1. A new dictator/strongman (call that The Maliki Option)
2. The Lebanonization of Iraq.
3. Federalization/Full Partition of the Country (The Yugoslavization of Iraq)

#3 is already partially the case with the Kurdistan as a separate country de facto (not de jure at this point).

So any discussion of the future of Iraq is always already a discussion of the non-Kurdish parts of Iraq. i.e. Even if Maliki becomes dictator it’s only of the non-Kurdish parts of Iraq.

Martin (via Visser) is discussing the possibility of number 1.  [Martin quoting Visser discusses some potential manuevers to stop this reality none of which I think would work–but give them a look you might find them possibly effective].

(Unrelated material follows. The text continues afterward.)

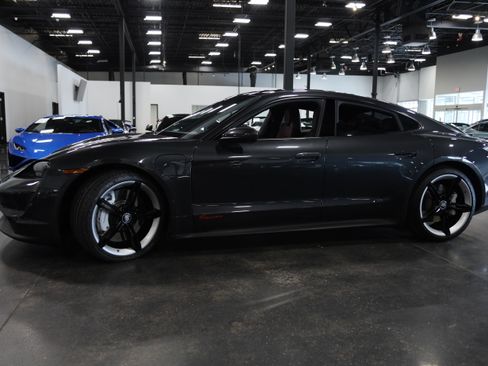 Used 2022 Porsche Taycan RWD image 9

#2 involves the US leaving and the civil war re-ignitng but this time–unlike in #3 or the First Iraqi Civil War from 2004 to 2006–there are cross-ethnic/cross-sectarian alliances a la the Lebanese Civil War.  The Mahdi Army folks could hook up potentially against with the Sunni Tribesmen in an alliance of convenience against the Iraqi Army/Badrists.  Or the Kurds could be fighting Sunnis one day (on the Kirkuk side) while fighting the Shia government the next (potential flashpoints on the more eastern flank of the country).  Alliances woud shift, be temporary, and it would be hard to figure who is fighting who, good guys and bad guys and all the rest.  The net result of which would be a hollowed out state and the proliferation of militias (a la Hezbollah) that become de facto states-within-states with a weak central government, though the country still formally holds together, and is played by the neighboring powers (Iran as Syria in this analogy and the Saudis as well the Saudis in this analogy) in their quest for regional dominance.

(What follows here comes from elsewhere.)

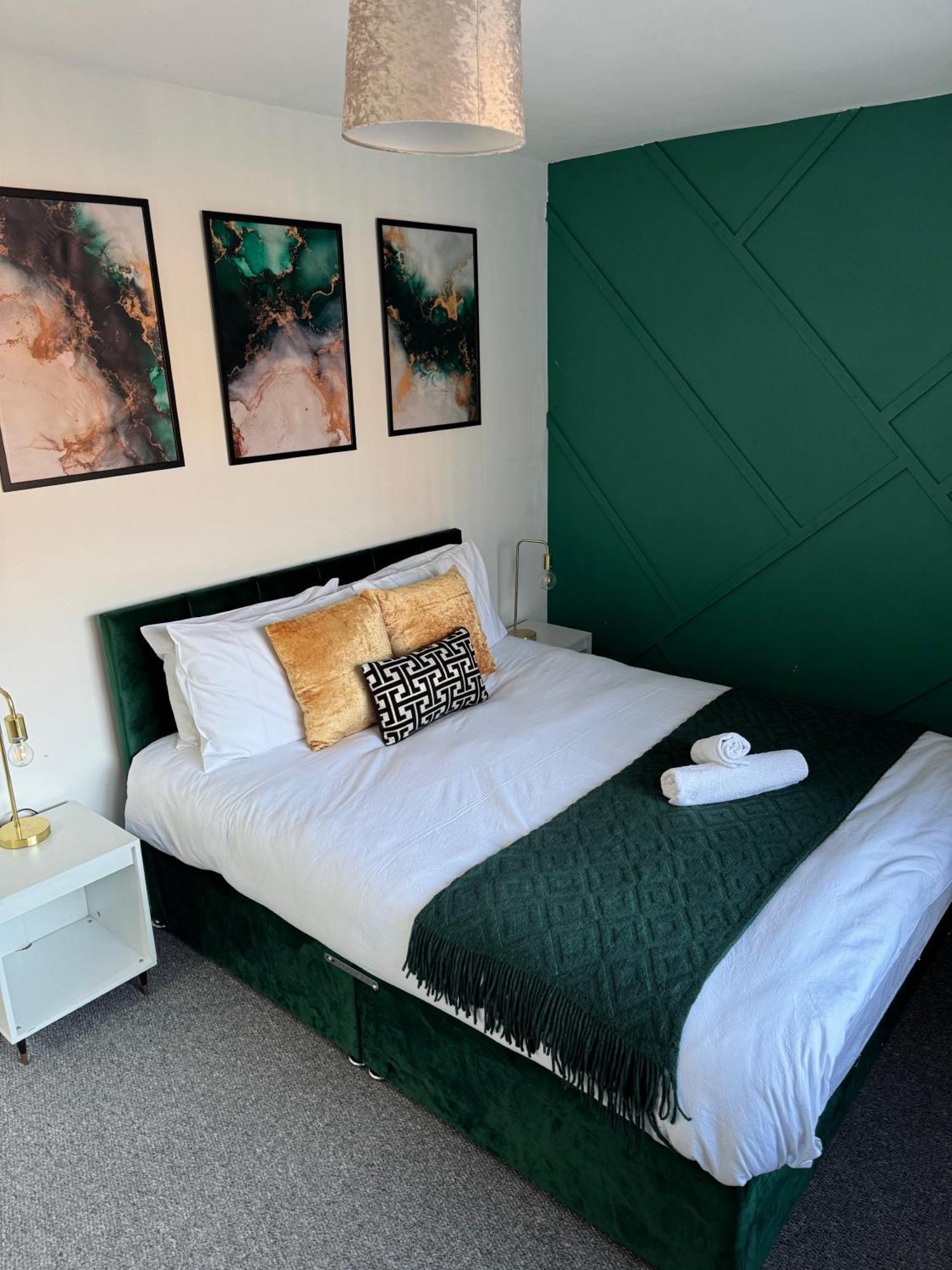 Holiday home Airport House - Long Near Hospital! *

Number three would be more like what we saw in the first phase of the Iraqi Civil War prior to the Surge.  Ethinc cleansing of the Sunni from Baghdad, refugees, and the Shia controllling the country.

But I see no way that the proposals of holding the country together as a democratic state make any sense in this regard.  There is no way these populations can be held together under the current circumstances under democratic rule.  Maliki could become a strongman who allows a more open economic situation–if he can get a handle on the violence–bring in foreign investment etc and try to make Iraq a kind of Malaysia/Singapore of the Middle East.

My general sense is that #2 and/or #3 is more likely.  But Maliki got more time with how the Surge has gone than I thought he would.  But the Tribesmen at the end of the day want a Sunni government and it ain’t gonna happen.  Maliki, Sistani, the Iranians their entire plan is based on one aim and one aim only–to keep the Shia in power.  No pressure from the US is going to change those aims.  Those aims are in direct conflict.  Not to mention Sadr and his aims (which are of a different sort still).

At the end of the day, I just don’t see a way in which Maliki’s future is tied to a deal with the Sunni.  Now that the Tribesmen are armed, seems to me he will have to defeat them before any such peace could be gained.

Is the democratic process going to continue after the US leaves?  Interestingly the only one who seems to be putting his chips in that pot is Sadr.  He could run a nationalist, pro-democratic, Hezbollah-like campaign in the event of a Lebanon-like reality in Iraq.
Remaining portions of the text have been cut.